68 Kuşağının İşci Direnişi

Günümüz Türkiye’sine baktığımızda sendikacılığın iyice zayıfladığını görüyoruz.

Türk-İş,
Hak-İş, DİSK gibi konfederasyonlar daha çok kamu kurumlarında
örgütlenmiş durumdalar. Halbuki 1961 Anayasası’nın getirdiği özgürlük
ortamında işçiler hızla sendikalı oluyorlardı. İşçilerin hak mücadelesi
ile toplumun adalet isteği, 1970 yılında 15-16 Haziran eylemlerinde
buluşmuştu.

15-16 Haziran eylemleri, önü kesilmeye ve yok
edilmeye çalışılan yeni işçi sendikası DİSK’in varlığını savunma
direnişiydi. Bu direnişin arkasında, üniversite gençliği, Türkiye İşçi
Partisi’nin fikri gücü, halk katmanlarının hak talebi de bulunuyordu.

Patlama
ise, iktidardaki Adalet Partisi ve CHP tarafından hazırlanan 274 ve 275
sayılı yasalarda değişiklik öngören kanun tasarısının Meclis’e sevk
edilmesinden kaynaklanmıştı. 1967’de kurulan ve hızla büyüyen DİSK,
1970 yılında boğulmak isteniyordu.

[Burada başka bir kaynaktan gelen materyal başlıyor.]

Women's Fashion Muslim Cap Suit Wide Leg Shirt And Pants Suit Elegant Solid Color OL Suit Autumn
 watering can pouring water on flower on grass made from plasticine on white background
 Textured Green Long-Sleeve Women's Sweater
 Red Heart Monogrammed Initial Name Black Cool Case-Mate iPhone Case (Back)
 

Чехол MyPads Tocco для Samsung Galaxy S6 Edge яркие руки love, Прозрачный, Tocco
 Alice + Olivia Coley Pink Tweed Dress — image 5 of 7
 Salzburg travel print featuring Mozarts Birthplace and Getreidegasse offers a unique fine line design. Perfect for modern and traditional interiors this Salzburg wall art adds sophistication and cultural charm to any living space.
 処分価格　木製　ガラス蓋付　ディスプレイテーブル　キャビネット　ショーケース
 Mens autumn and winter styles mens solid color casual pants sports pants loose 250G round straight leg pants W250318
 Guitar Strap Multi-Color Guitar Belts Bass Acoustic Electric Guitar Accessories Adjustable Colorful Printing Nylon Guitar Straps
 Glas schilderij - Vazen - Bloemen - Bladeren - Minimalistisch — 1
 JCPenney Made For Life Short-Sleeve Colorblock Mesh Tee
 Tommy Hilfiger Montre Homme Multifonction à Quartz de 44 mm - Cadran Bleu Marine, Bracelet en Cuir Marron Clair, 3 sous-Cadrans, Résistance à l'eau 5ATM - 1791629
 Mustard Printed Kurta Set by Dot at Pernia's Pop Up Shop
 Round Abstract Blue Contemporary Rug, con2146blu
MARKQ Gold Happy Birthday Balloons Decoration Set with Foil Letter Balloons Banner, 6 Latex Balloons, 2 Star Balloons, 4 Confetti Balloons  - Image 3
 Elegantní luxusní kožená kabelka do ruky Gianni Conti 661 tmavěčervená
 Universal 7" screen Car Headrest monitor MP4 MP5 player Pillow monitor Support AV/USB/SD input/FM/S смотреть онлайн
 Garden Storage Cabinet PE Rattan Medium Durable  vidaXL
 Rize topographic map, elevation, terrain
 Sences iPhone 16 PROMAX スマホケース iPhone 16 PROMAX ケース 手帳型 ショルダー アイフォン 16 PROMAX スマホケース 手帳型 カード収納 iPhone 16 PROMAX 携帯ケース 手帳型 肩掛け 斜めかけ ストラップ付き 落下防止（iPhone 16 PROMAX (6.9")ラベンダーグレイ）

Yasa tasarısında, ‘Bir işçi
sendikasının Türkiye çapında faaliyet gösterebilmesi için, o iş
kolundaki toplam işçi sayısının en az üçte birini üye kaydetmiş olması’
gibi özgür sendikacılığın önünü tıkayan birçok madde yer alıyordu.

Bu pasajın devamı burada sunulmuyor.